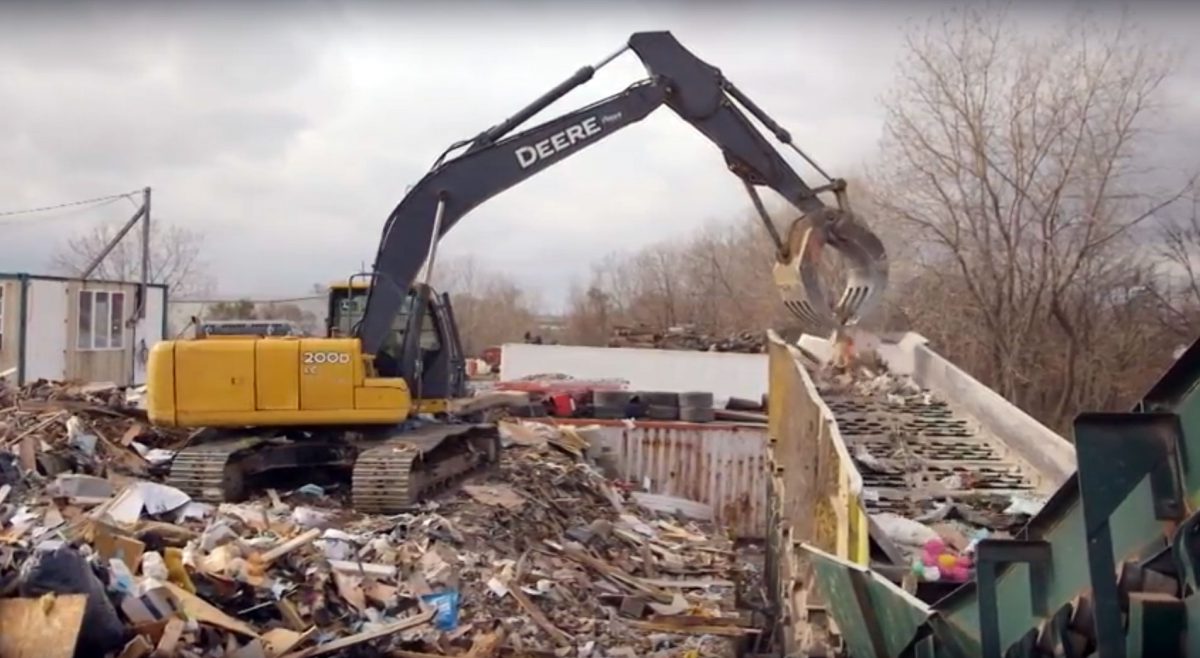 Recycling Systems for MSW + Construction and Demolition C&D Waste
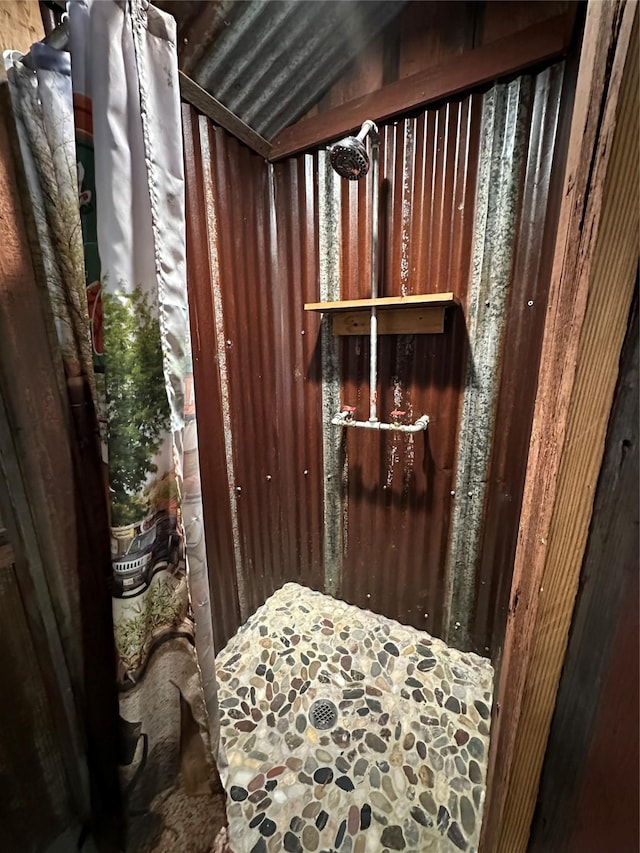 view of room details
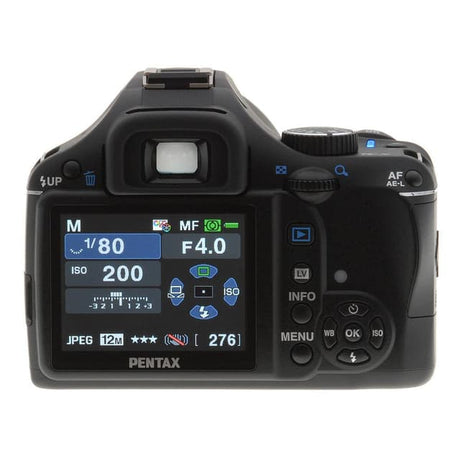 KX Reflex - Black + Pentax SMC Pentax-DAL 18-55mm f/3.5-5.6 AL f/3.5-5.6 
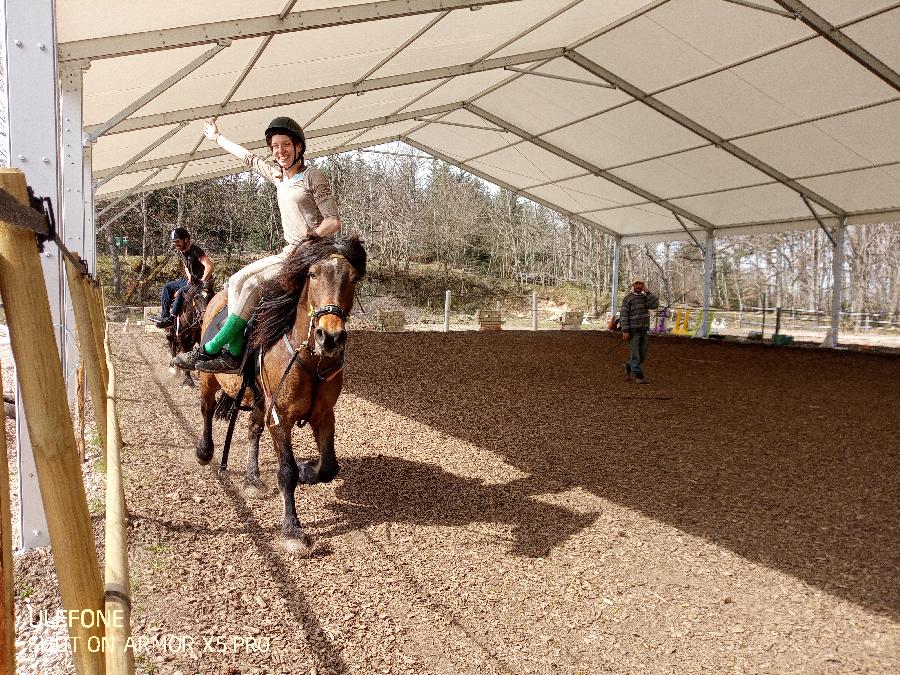 Stage quitation Allier Montagne Bourbonnaise photo 5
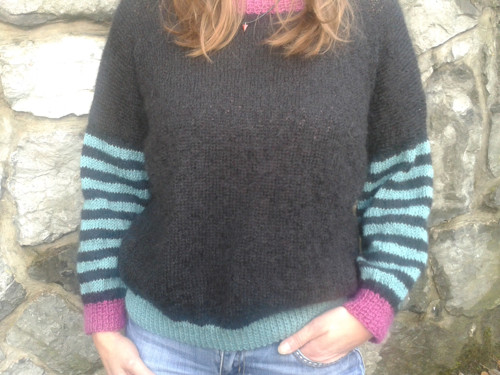Svetr ručně pletený — foto 3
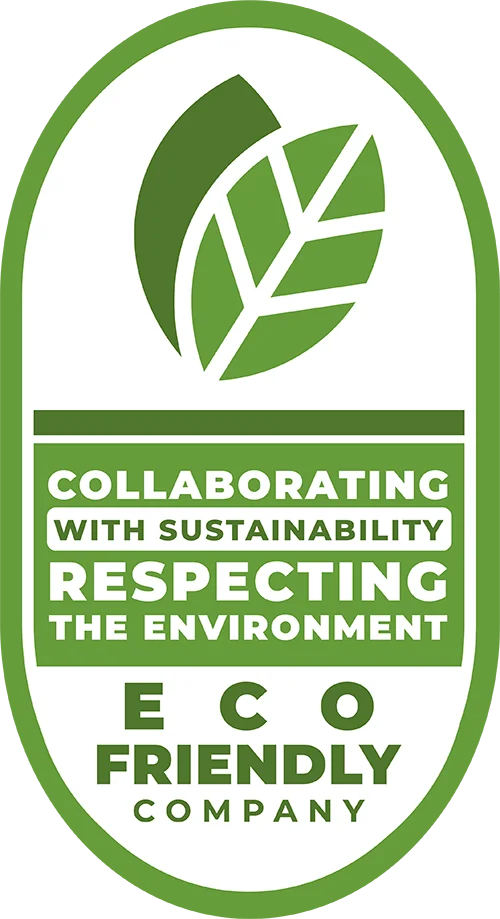 Lara Maids eco-friendly company badge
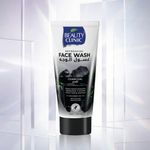 product_image_name-Beauty Clinic-Face Wash Charcoal 150ml -1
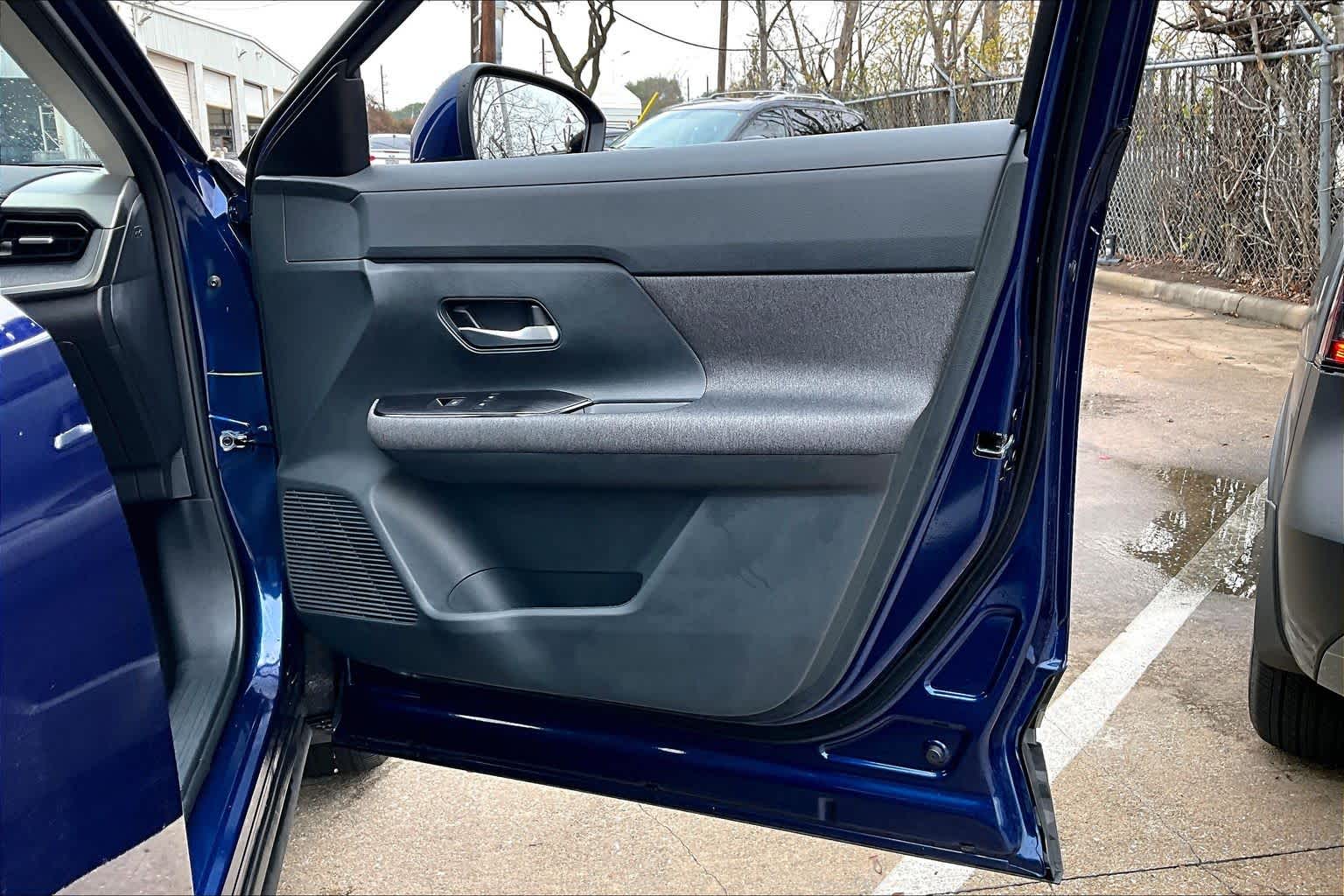 2025 Nissan Kicks SV Deep Blue Pearl at AutoNation Chevrolet Gulf Fwy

::::

> [Task prompt]
Your task is to print exactly the lines from the one containing "product_image_name-Beauty Clinic-Face Wash" through the final line of the records above, with no pictures and nothing more.

> [Exercise solution]
 product_image_name-Beauty Clinic-Face Wash Charcoal 150ml -1
 2025 Nissan Kicks SV Deep Blue Pearl at AutoNation Chevrolet Gulf Fwy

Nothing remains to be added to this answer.